§ Exercise requirements: Omit every picture and return the rest of the data unaltered.

§ Available data:
------------------------------------------------------------------------

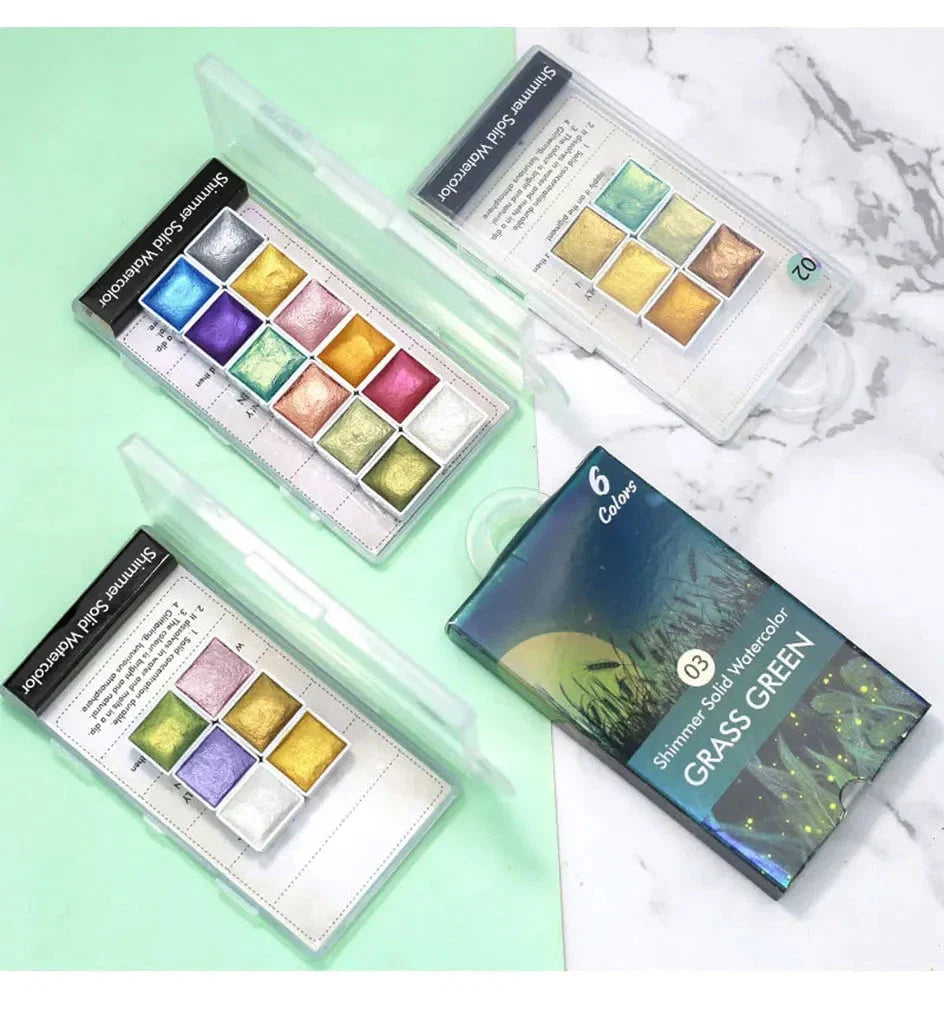 Dazzling watercolour nail art powder with iridescent, metallic, and glitter effects for creating vibrant, salon-quality nail designs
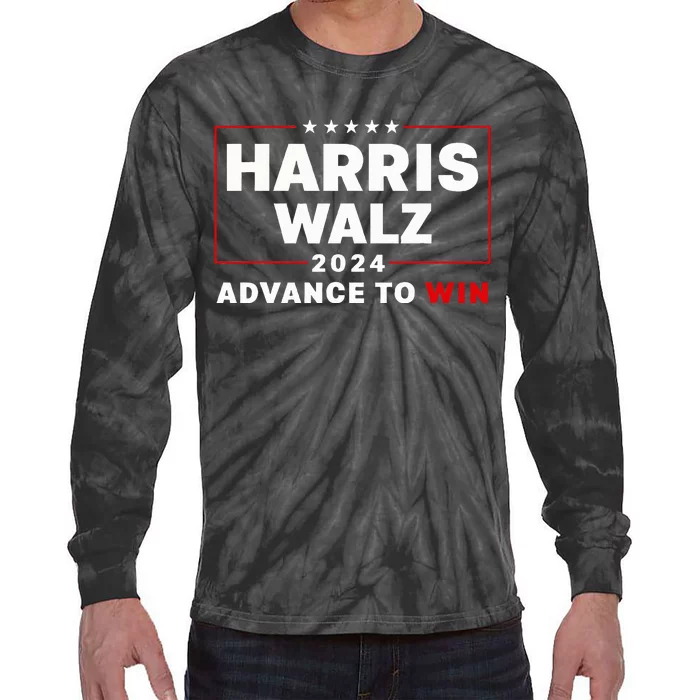 Harris Walz Waltz 2024 Advance To Win For 47th President Tie-Dye Long Sleeve Shirt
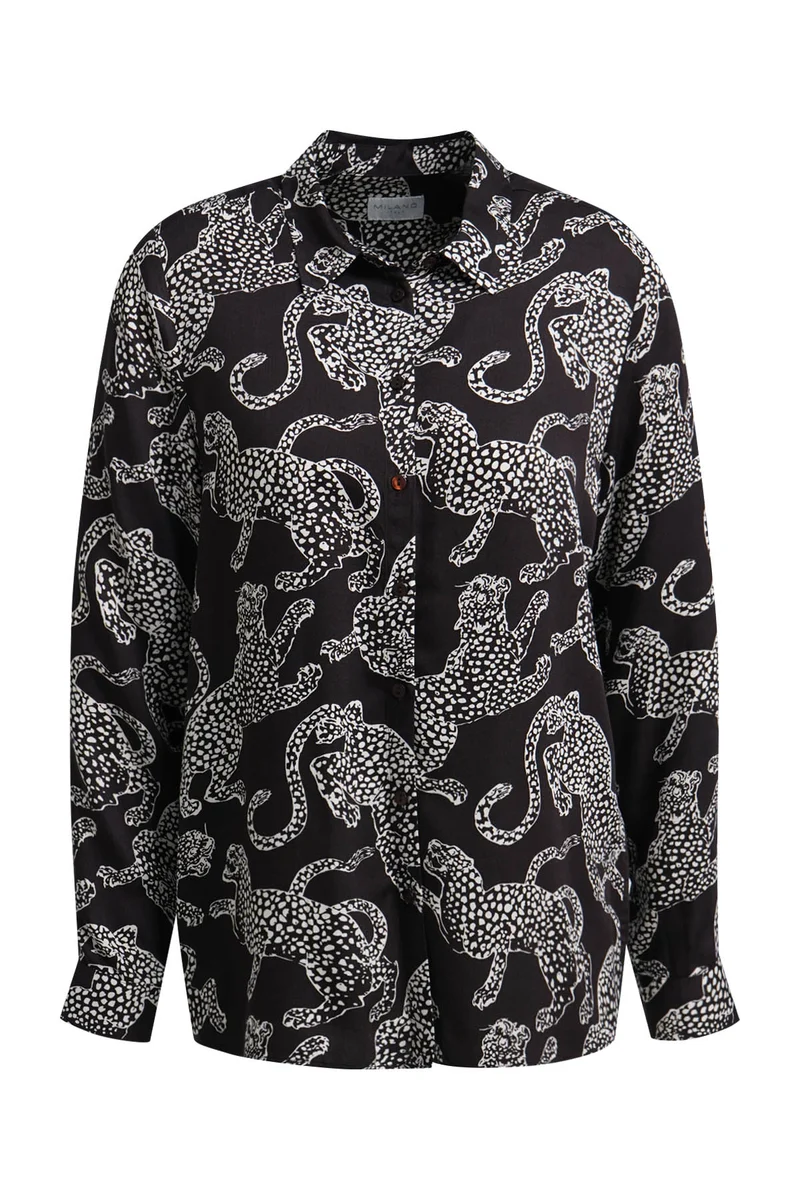 SHIRT BLOUSE 1/1 SLEEVE, MOCCA PRINT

------------------------------------------------------------------------

§ Final answer:
 Dazzling watercolour nail art powder with iridescent, metallic, and glitter effects for creating vibrant, salon-quality nail designs
 Harris Walz Waltz 2024 Advance To Win For 47th President Tie-Dye Long Sleeve Shirt
 SHIRT BLOUSE 1/1 SLEEVE, MOCCA PRINT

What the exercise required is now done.